Ruolo istituito nel 2014
Il Revisore era stato istituito con la riforma della finanze vaticane nel 2014, quando era stata istituita la Segreteria per l'Economia, con compiti inizialmente di super-dicastero delle Finanze salvo poi essere molto ridimensionato nei poteri reali e nelle competenze formali. Si era trattato di una processo che aveva introdotto dentro il Vaticano metodi e professionalità certamente utili per migliorare la gestione delle vetuste finanze papali, ma forse forzando in modo artificiale dei meccanismi che non potevano (e forse non possono ancora) essere stravolti per decreto, innestando delle metodologie buone per Wall Street ma non per la sede apostolica, specie ai tempi di Francesco.

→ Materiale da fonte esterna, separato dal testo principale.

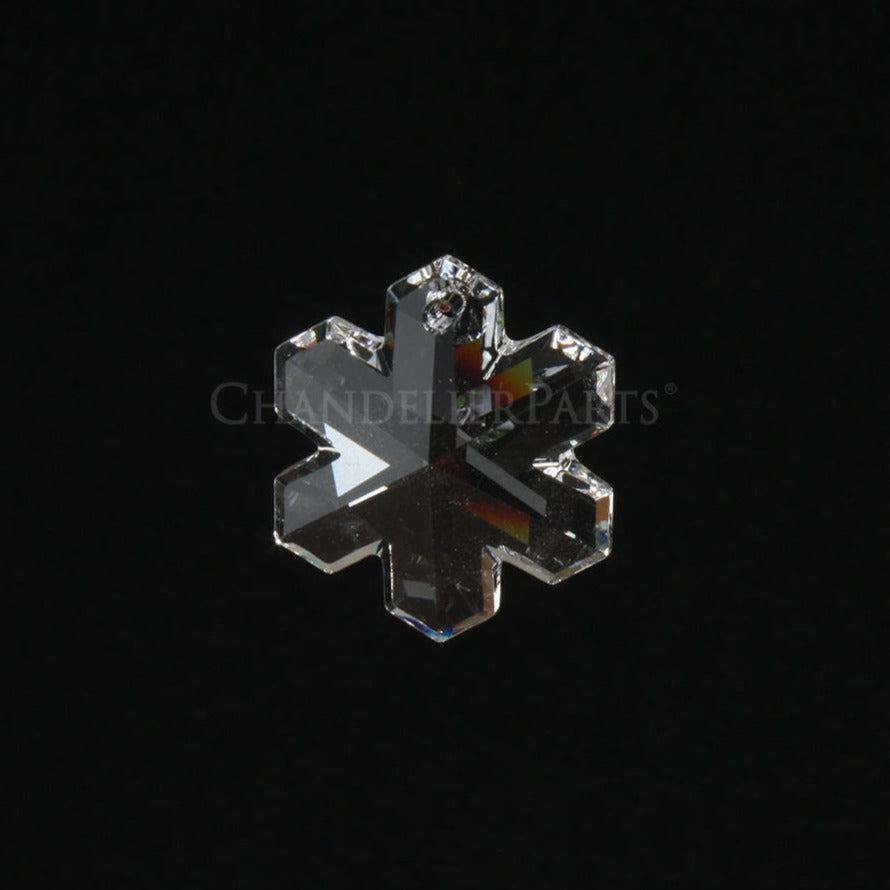 SWAROVSKI STRASS®<br>Crystal 1-Hole Snowflake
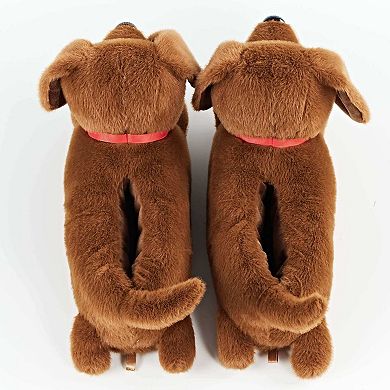 Birdie the Dachshund Kids Slippers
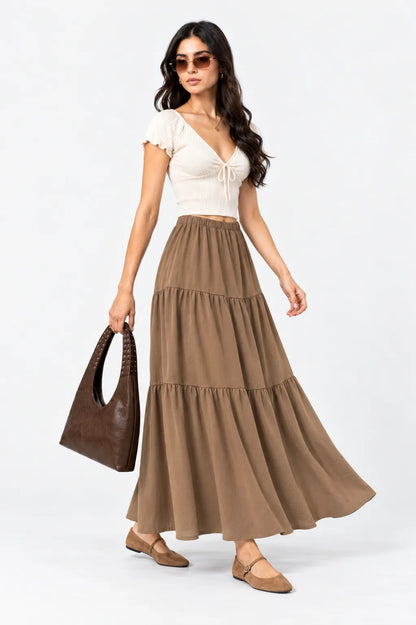 FALDA LARGA FLUIDA G-C 9875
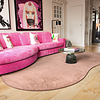 Fred van Leer Teppich in organischer Form in Soft Pink - Lunar 41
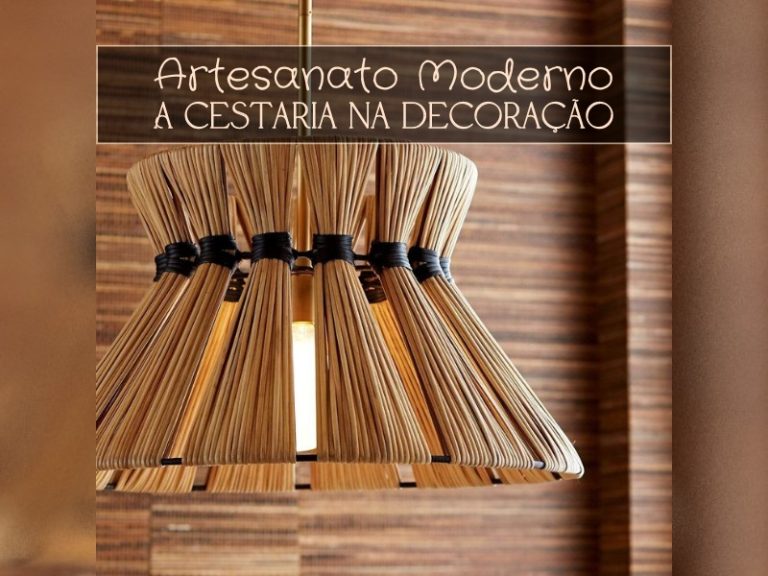 Artesanato Moderno A Cestaria Na Decora O De Frente Para O Mar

Il recente «incidente» con l'Apsa
Di recente si è consumato un incidente che in effetti si è rivelato un caso quasi del tutto montato ad arte, come spesso accade. Infatti l'Apsa, l'amministrazione del patrimonio delle sede apostolica (patrimonio immobiliare e fondi finanziari) – guidata dal cardinale Domenico Calcagno - aveva inviato una lettera a tutti i dicasteri chiedendo agli enti interni con cui aveva rapporti di inviare le documentazione finanziaria alla società di revisione Pwc: la lettera, forse scritta in modo da poter essere fraintesa, parlava solo di quei rapporti che riguardavo l'Apsa ma è stata intrepretata dalla Segreteria per l'Economia, guidata dal cardinale George Pell, e dal Revisore – considerati in linea su questo come in altri dossier - come una intromissione sulle loro competenze e a loro volta avevano inviato un lettera che smentiva la precedente.
Riforma difficile
Un brutto incidente, che tuttavia aveva confermato lo stato di frizione permanente dentro le finanze vaticane (il Papa ha confermato quasi del tutto i poteri all'Apsa, che inizialmente sembrava sulla via della chiusura) che sono lungi dall'aver raggiunto una stabilizzazione nel processo di riforma, che procede ancora lentamente, «passo dopo passo» come confermano fonti autorevoli del C-9, il consiglio dei cardinali che assiste il papa nella riforma e che se ne occupato per due anni e che per adesso ha accantonato il dossier. Inoltre di Milone – un manager laico di oltre 65 anni che ha alle spalle un passato in Deloitte e in Fiat, tra gli altri – si era sentito parlare quando in Vatileaks-2 era emerso che il suo pc era stato violato nell'ottobre 2015, pochi mesi dopo la sua nomina: aveva sporto denuncia alla Gendarmeria Vaticana, e questa aveva dato via al caso. Ora dovrà essere nominato un successore alla guida di un ufficio di 6-7 persone, i cui stipendi a quanto risulta hanno livelli allineati più con la City che con la Santa Sede.